#### [TASK BRIEF]
From the data that follows, set down exactly the lines from the one with "Hoka HOKA ONE" through the one with "Это изображение может", counting both. Pictures stay out.
***** RECORD EXCERPTS
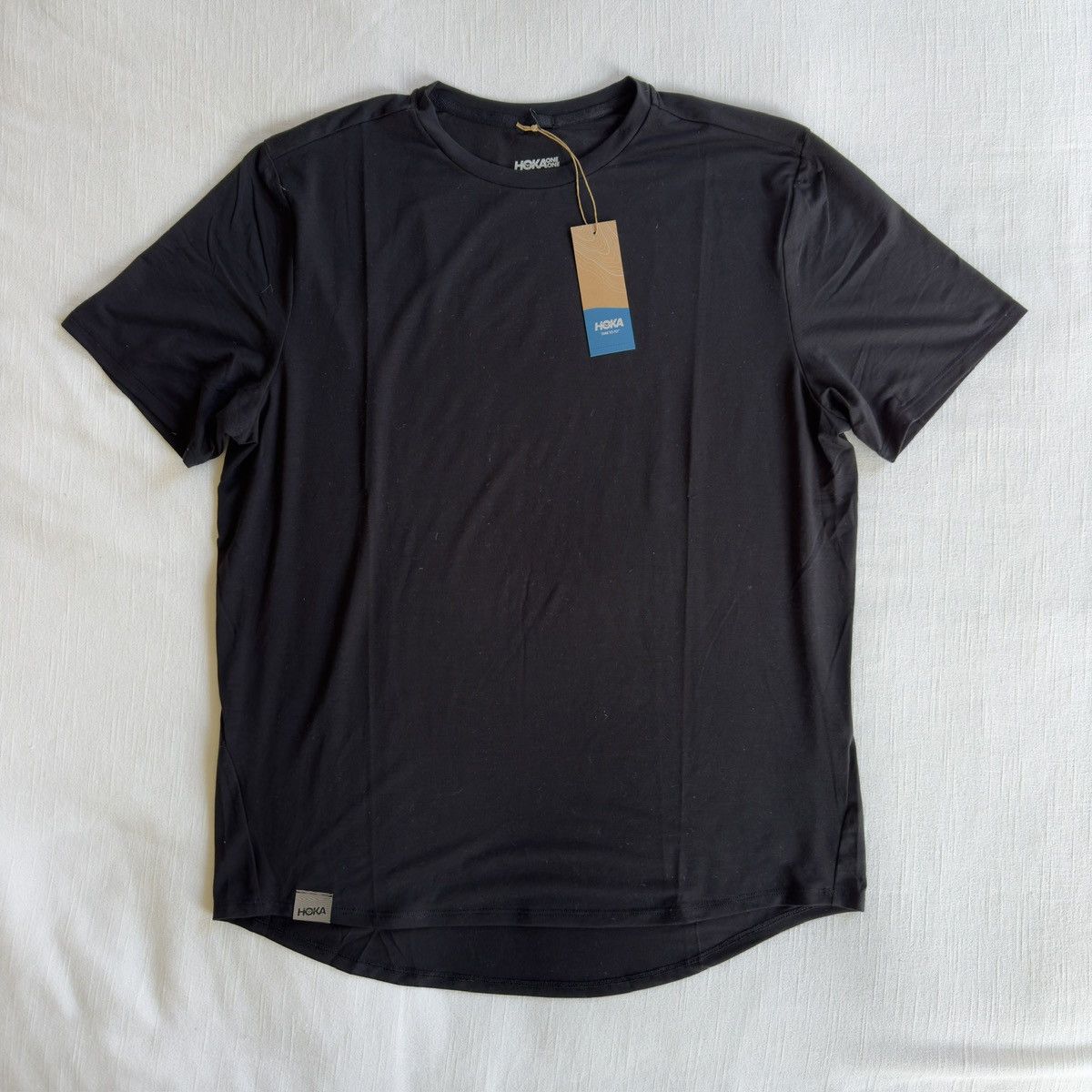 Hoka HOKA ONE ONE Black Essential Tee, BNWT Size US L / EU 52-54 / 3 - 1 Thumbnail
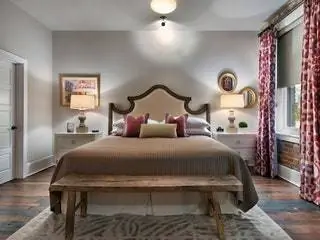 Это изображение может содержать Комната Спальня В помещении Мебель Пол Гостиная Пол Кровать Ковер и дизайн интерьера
**********
***** RECORD EXCERPTS
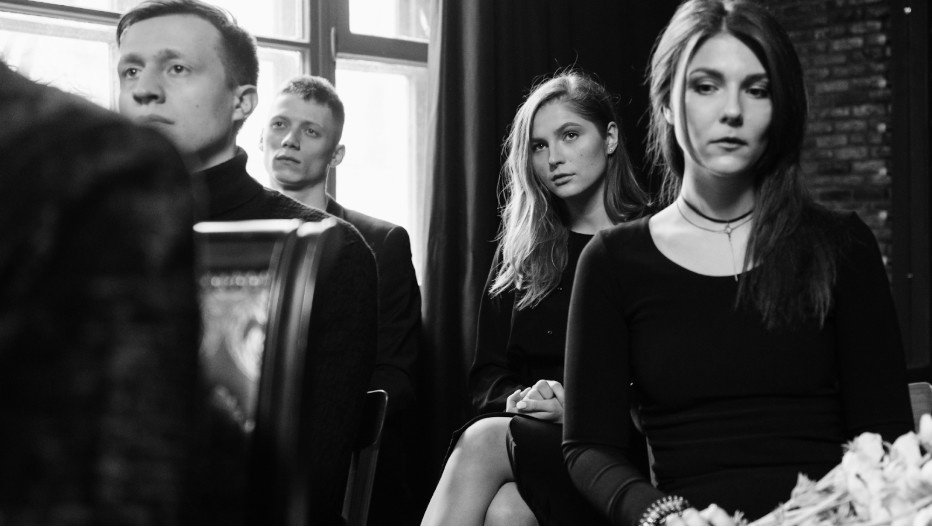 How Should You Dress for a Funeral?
**********
#### [REPLY TO THE TASK]
 Hoka HOKA ONE ONE Black Essential Tee, BNWT Size US L / EU 52-54 / 3 - 1 Thumbnail
 Это изображение может содержать Комната Спальня В помещении Мебель Пол Гостиная Пол Кровать Ковер и дизайн интерьера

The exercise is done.